**Problem details:** Copy out exactly the lines from the one with "Sonstige Černý stojanový" through the last line of the listing below, both included, but none of the pictures.

**Stored data:**
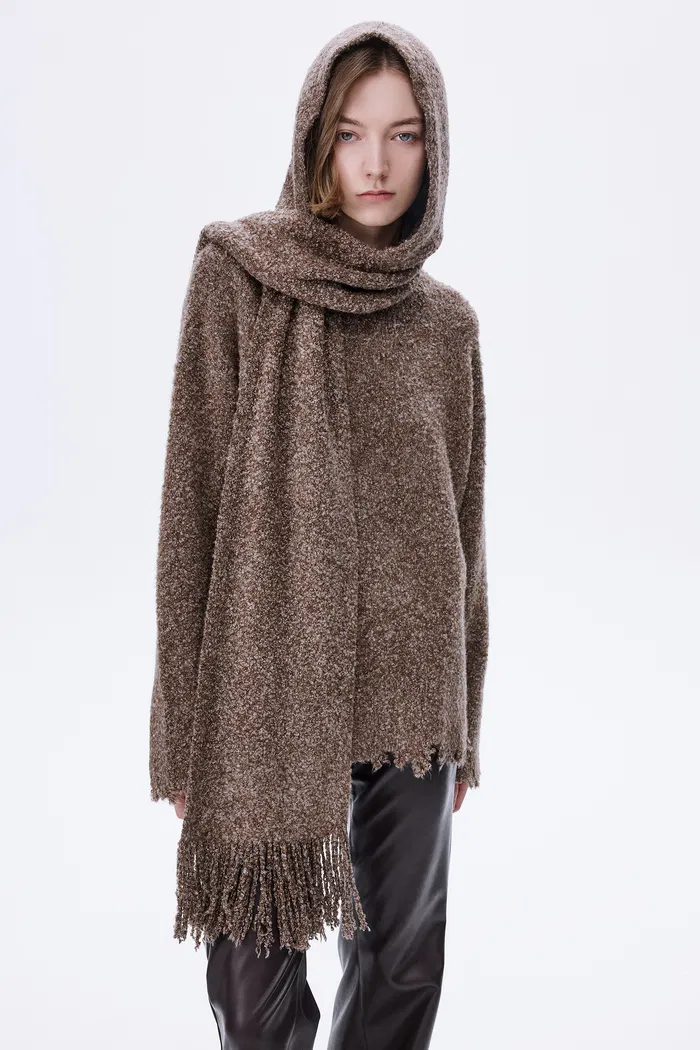 Virginia Handcrafted Sweater with Detachable Scarf in Bouclé Blend Knit Yarn - Image 4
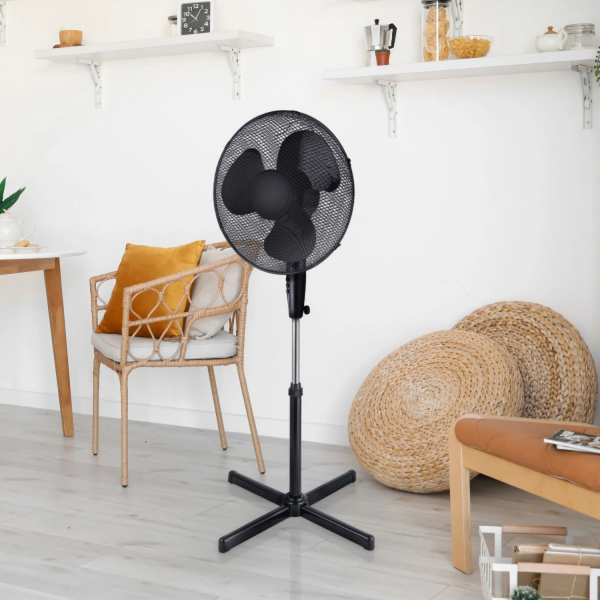 Sonstige Černý stojanový ventilátor, průměr 40 cm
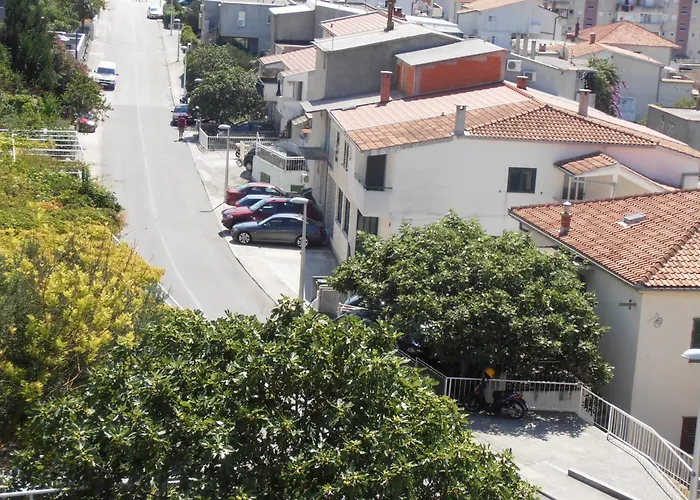 Besker Apartman Makarska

**Answer section:**
 Sonstige Černý stojanový ventilátor, průměr 40 cm
 Besker Apartman Makarska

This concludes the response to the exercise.